2022 Indian Bengali film

8/12 Binay Badal Dinesh is a 2022 Bengali-language historical drama film directed by Arun Roy, and produced by Kan Singh Sodha. It is based on the historical attack on Writers' Building by three Bengal Volunteers in 1930. The film was released on 26 January 2022 under the banner of KSS Productions and Entertainment.

==Plot==
The plot is based on the life and contribution of Binoy, Badal and Dinesh, revolutionary trio. On 8 December 1930 they entered into the Writers' Building, British India Secretariat of Bengal at B. B. D. Bagh to assassinate the infamous British Inspector General N.S. Simpson.

==Soundtrack==

The soundtrack album is composed and written by Soumya Rit

Track listing
| No. | Title | Singer(s) | Length |
|---|---|---|---|
| 1. | "Binay Badal Dinesh" | Rupam Islam | 3:14 |
| 2. | "Swadhin Hobe Desh" | Arijit Singh | 5:26 |
| 3. | "Ebarer Moto Biday" | Mekhla Dasgupta | 5:31 |
| Total length: |  |  | 14:11 |

==Reception==
In their review Cinestaan gave the film three stars from five, praising the direction, writing, and cinematic finesse while criticising the overpowering heavy metal soundtrack and a few over-the top performances.
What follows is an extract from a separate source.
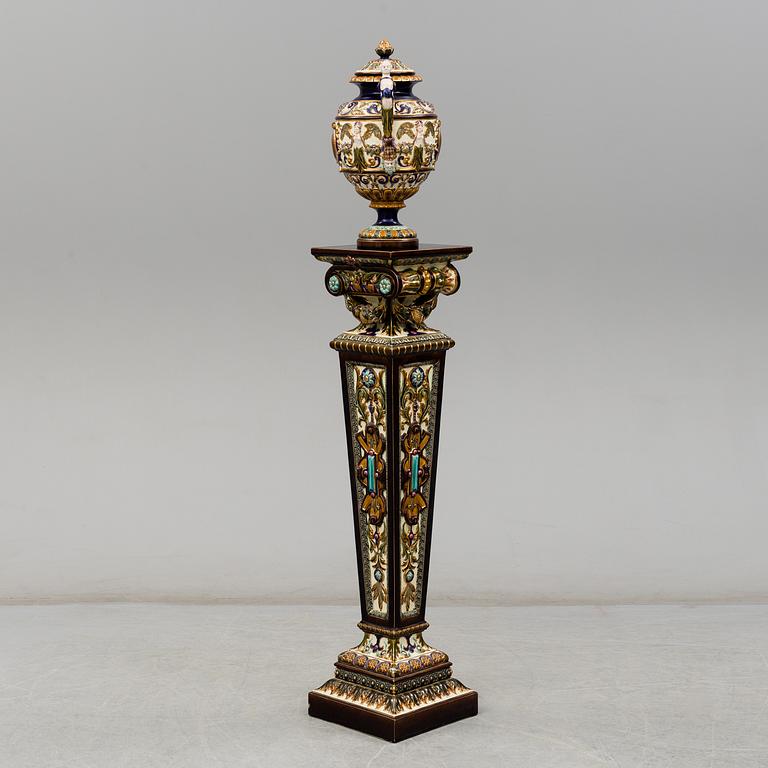 A majolica lidded vase and pedestal, Rörstrand, late 19th century.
The reviewer considered: "Gopi Bhagat’s experienced camerawork and editor Sanglap Bhowmick’s fine trimming of the scenes make 8/12 one of the better Bengali period films made in recent times." Jani News gave the film a positive review, praising the direction, acting and cinematography. The reviewer stated: "The way director Arun Roy presents the forty minutes of armed struggle in a very restrained manner, with beautiful choreography in just 12/13 minutes, has probably never been seen in a Bengali film before." Ananda Bazaar also gave a positive review, praising the acting and direction while criticising the music and pacing of the story.